→ What you have to do
Exactly as written, print each of the entries.
======== Dataset content
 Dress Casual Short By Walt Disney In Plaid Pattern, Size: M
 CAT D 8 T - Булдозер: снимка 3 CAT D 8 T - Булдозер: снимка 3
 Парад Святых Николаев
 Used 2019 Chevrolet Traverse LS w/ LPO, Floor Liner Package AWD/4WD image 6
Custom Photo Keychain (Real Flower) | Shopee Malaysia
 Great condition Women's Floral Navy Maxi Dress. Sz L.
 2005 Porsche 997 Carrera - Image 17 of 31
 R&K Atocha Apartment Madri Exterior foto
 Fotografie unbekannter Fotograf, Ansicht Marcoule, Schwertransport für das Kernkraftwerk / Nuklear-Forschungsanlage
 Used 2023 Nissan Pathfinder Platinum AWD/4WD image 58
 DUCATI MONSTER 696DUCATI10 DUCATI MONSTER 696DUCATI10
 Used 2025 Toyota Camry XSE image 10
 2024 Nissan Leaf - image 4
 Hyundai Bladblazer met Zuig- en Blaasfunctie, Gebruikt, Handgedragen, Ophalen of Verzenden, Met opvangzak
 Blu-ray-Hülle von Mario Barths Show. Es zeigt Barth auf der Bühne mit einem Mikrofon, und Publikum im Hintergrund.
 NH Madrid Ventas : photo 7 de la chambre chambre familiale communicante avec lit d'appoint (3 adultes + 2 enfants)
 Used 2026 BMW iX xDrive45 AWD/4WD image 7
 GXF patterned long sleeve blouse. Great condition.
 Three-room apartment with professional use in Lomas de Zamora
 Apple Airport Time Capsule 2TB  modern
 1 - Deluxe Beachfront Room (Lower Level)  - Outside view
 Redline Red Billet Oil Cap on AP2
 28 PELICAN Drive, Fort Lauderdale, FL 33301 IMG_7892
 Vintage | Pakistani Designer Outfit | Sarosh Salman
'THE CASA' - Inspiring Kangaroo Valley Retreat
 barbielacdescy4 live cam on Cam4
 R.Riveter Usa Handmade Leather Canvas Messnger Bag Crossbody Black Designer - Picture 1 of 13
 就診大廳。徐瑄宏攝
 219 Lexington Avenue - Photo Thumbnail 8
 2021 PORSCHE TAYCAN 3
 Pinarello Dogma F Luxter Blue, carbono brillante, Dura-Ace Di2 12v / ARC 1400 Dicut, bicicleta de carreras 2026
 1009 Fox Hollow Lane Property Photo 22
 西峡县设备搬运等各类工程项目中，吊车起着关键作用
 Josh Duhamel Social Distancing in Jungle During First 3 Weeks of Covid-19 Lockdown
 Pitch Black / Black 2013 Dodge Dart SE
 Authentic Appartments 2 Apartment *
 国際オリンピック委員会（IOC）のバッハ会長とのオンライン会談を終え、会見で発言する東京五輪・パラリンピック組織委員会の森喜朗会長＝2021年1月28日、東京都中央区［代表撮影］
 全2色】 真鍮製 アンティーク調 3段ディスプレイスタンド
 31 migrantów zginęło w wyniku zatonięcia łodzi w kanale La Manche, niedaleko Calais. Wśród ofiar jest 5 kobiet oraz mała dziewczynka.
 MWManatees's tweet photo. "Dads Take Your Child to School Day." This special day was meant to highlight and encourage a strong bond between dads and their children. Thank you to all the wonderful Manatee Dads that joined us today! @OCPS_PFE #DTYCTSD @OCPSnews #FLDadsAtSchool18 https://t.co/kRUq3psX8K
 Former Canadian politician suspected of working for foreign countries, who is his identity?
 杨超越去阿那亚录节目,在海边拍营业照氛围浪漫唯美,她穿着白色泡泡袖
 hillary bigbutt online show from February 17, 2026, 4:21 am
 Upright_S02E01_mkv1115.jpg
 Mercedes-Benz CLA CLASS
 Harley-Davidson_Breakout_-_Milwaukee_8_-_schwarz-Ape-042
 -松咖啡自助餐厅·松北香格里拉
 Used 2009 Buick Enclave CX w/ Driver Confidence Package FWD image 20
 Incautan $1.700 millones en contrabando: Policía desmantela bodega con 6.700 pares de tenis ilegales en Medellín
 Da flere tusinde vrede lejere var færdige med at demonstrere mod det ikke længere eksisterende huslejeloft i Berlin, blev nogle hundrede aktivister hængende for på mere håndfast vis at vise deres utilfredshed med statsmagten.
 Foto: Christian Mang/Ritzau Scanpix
================
→ Exercise result
 Dress Casual Short By Walt Disney In Plaid Pattern, Size: M
 CAT D 8 T - Булдозер: снимка 3 CAT D 8 T - Булдозер: снимка 3
 Парад Святых Николаев
 Used 2019 Chevrolet Traverse LS w/ LPO, Floor Liner Package AWD/4WD image 6
Custom Photo Keychain (Real Flower) | Shopee Malaysia
 Great condition Women's Floral Navy Maxi Dress. Sz L.
 2005 Porsche 997 Carrera - Image 17 of 31
 R&K Atocha Apartment Madri Exterior foto
 Fotografie unbekannter Fotograf, Ansicht Marcoule, Schwertransport für das Kernkraftwerk / Nuklear-Forschungsanlage
 Used 2023 Nissan Pathfinder Platinum AWD/4WD image 58
 DUCATI MONSTER 696DUCATI10 DUCATI MONSTER 696DUCATI10
 Used 2025 Toyota Camry XSE image 10
 2024 Nissan Leaf - image 4
 Hyundai Bladblazer met Zuig- en Blaasfunctie, Gebruikt, Handgedragen, Ophalen of Verzenden, Met opvangzak
 Blu-ray-Hülle von Mario Barths Show. Es zeigt Barth auf der Bühne mit einem Mikrofon, und Publikum im Hintergrund.
 NH Madrid Ventas : photo 7 de la chambre chambre familiale communicante avec lit d'appoint (3 adultes + 2 enfants)
 Used 2026 BMW iX xDrive45 AWD/4WD image 7
 GXF patterned long sleeve blouse. Great condition.
 Three-room apartment with professional use in Lomas de Zamora
 Apple Airport Time Capsule 2TB  modern
 1 - Deluxe Beachfront Room (Lower Level)  - Outside view
 Redline Red Billet Oil Cap on AP2
 28 PELICAN Drive, Fort Lauderdale, FL 33301 IMG_7892
 Vintage | Pakistani Designer Outfit | Sarosh Salman
'THE CASA' - Inspiring Kangaroo Valley Retreat
 barbielacdescy4 live cam on Cam4
 R.Riveter Usa Handmade Leather Canvas Messnger Bag Crossbody Black Designer - Picture 1 of 13
 就診大廳。徐瑄宏攝
 219 Lexington Avenue - Photo Thumbnail 8
 2021 PORSCHE TAYCAN 3
 Pinarello Dogma F Luxter Blue, carbono brillante, Dura-Ace Di2 12v / ARC 1400 Dicut, bicicleta de carreras 2026
 1009 Fox Hollow Lane Property Photo 22
 西峡县设备搬运等各类工程项目中，吊车起着关键作用
 Josh Duhamel Social Distancing in Jungle During First 3 Weeks of Covid-19 Lockdown
 Pitch Black / Black 2013 Dodge Dart SE
 Authentic Appartments 2 Apartment *
 国際オリンピック委員会（IOC）のバッハ会長とのオンライン会談を終え、会見で発言する東京五輪・パラリンピック組織委員会の森喜朗会長＝2021年1月28日、東京都中央区［代表撮影］
 全2色】 真鍮製 アンティーク調 3段ディスプレイスタンド
 31 migrantów zginęło w wyniku zatonięcia łodzi w kanale La Manche, niedaleko Calais. Wśród ofiar jest 5 kobiet oraz mała dziewczynka.
 MWManatees's tweet photo. "Dads Take Your Child to School Day." This special day was meant to highlight and encourage a strong bond between dads and their children. Thank you to all the wonderful Manatee Dads that joined us today! @OCPS_PFE #DTYCTSD @OCPSnews #FLDadsAtSchool18 https://t.co/kRUq3psX8K
 Former Canadian politician suspected of working for foreign countries, who is his identity?
 杨超越去阿那亚录节目,在海边拍营业照氛围浪漫唯美,她穿着白色泡泡袖
 hillary bigbutt online show from February 17, 2026, 4:21 am
 Upright_S02E01_mkv1115.jpg
 Mercedes-Benz CLA CLASS
 Harley-Davidson_Breakout_-_Milwaukee_8_-_schwarz-Ape-042
 -松咖啡自助餐厅·松北香格里拉
 Used 2009 Buick Enclave CX w/ Driver Confidence Package FWD image 20
 Incautan $1.700 millones en contrabando: Policía desmantela bodega con 6.700 pares de tenis ilegales en Medellín
 Da flere tusinde vrede lejere var færdige med at demonstrere mod det ikke længere eksisterende huslejeloft i Berlin, blev nogle hundrede aktivister hængende for på mere håndfast vis at vise deres utilfredshed med statsmagten.
 Foto: Christian Mang/Ritzau Scanpix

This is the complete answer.